The locale code is used to prepare certain operating system date strings, and number formatting.
dir The direction of text (usually ltr, but sometimes rtl for languages such as Arabic). An "rtl" language would likely require many few template changes as well as language changes. If someone does this we would consider integrating the changes back into a future version of ocPortal.
en_right Sometimes templates have to apply CSS properties values of 'left' or 'right', according to the text direction. For a rtl language, this becomes 'left' instead of 'right'.
en_left As above, but opposite.
language_author Your name
date_* / time_* / calendar_* Date/time formatting in one of the two PHP time formats (1, 2). If there are no '%' signs it's "date", if there are % signs it's "strftime".
dont_escape_trick Ignore this one


Also, generally you should not translate things inside single quotes.

For example,

Code

The renderer to use (hook-type: 'blocks/main_custom_gfx').
would be translated like:

Code

Le moteur de rendu à utiliser (type crochet: 'blocks/main_custom_gfx').

Character sets

There are three systems that are in common usage to allow diverse characters to be displayed in a document:
  • HTML entities
  • Unicode
  • Character sets

ocPortal supports character sets and mostly supports Unicode too. In some places, HTML entities will work, but there are definitely places where, in the current version of ocPortal, they will not. Unicode is not ideal for PHP systems like ocPortal, due to the 'binary safe' design of PHP strings – however, in practice it does work due to backwards-compatibility in Unicode and the fact that ocPortal has special code to take Unicode into account when it matters.

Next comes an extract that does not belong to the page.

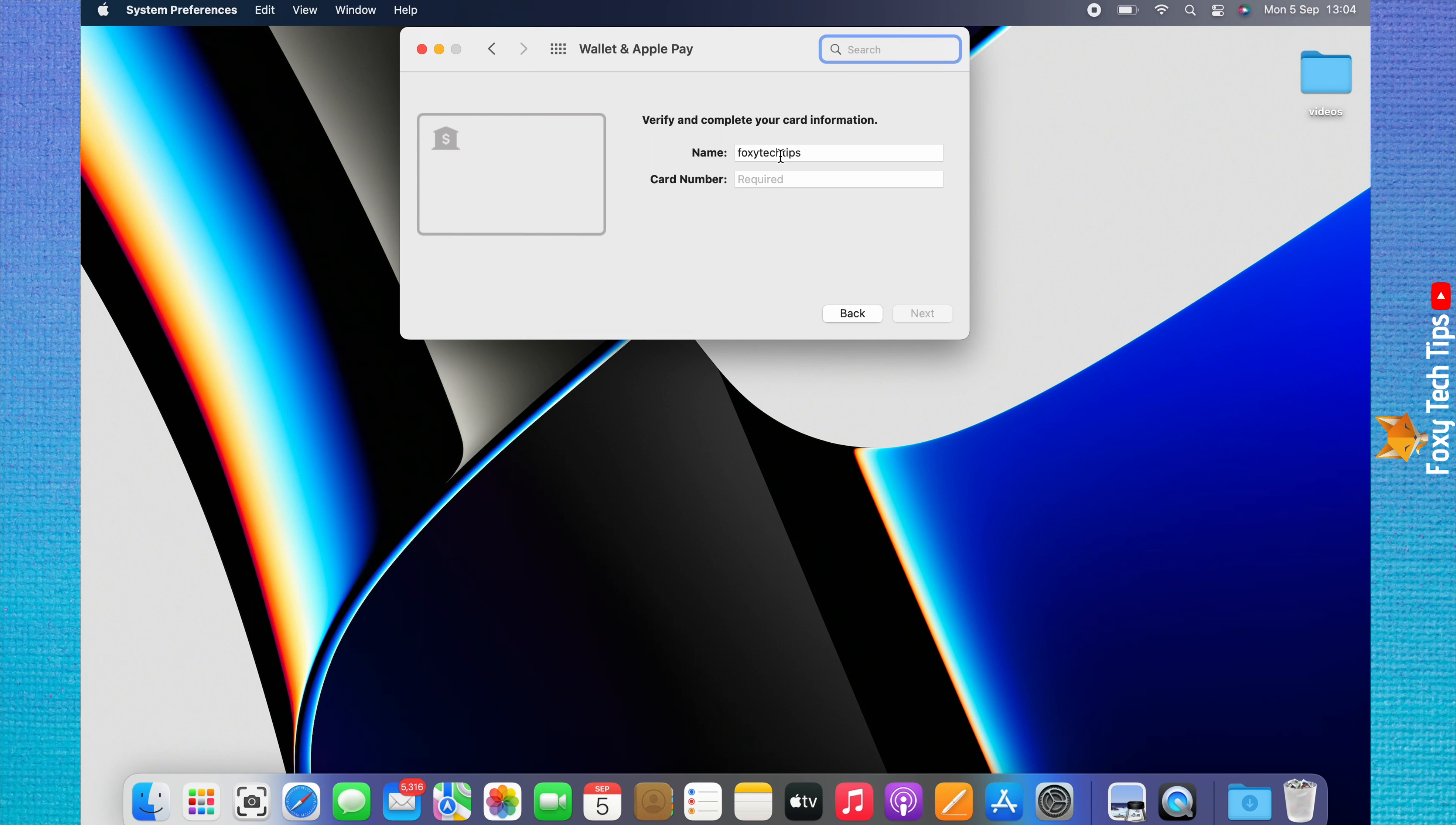Once you have entered your card details, click Next, and then follow the steps to finish adding your card.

To understand character sets, you need to understand how strings (or text files) are composed. Each character (a symbol, represented by a 'glyph' on the screen) is essentially represented a number, 0-255; 0-127 are usually standard, and specified using the '7-bit ASCII code': the 128-255 range is essentially free, and what the numbers map to depends on the 'character set' used. As different languages use different characters (for example, accented characters, or a whole different alphabet, or even a pictographical language), different languages use different character sets.

A file that uses 'high' characters will look different when viewed in editors set to different character sets. In order to put in text in the appropriate character set, and to view it, your editor must be set to it; this is to be expected to be by default if you are translating to your native language.

Things you can translate

As well as the core .ini files, there are other things that may be translated.

Comcode (and HTML) pages

To translate a Comcode page, either manually copy the Comcode page .txt file from the pages/comcode/EN directory, to the appropriate pages/comcode/<lang> directory and change it there, or simply choose the target language and edit the file using ocPortal.

As HTML pages are created outside ocPortal, you must manually copy the file in the equivalent way to as stated for Comcode pages.

Text files

There are some other text files you might want to translate are, in a similar way to Comcode pages (see above):
  • text/EN/quotes.txt
  • text/EN/rules*.txt
And these files don't need translating but could be replaced with equivalents in your language:
  • text/EN/too_common_words.txt (a list of words that should not be considered in search results, for example)
  • text/EN/word_characters.txt (a list of characters that appear in words in your language – most languages have all the English characters, but also accented ones)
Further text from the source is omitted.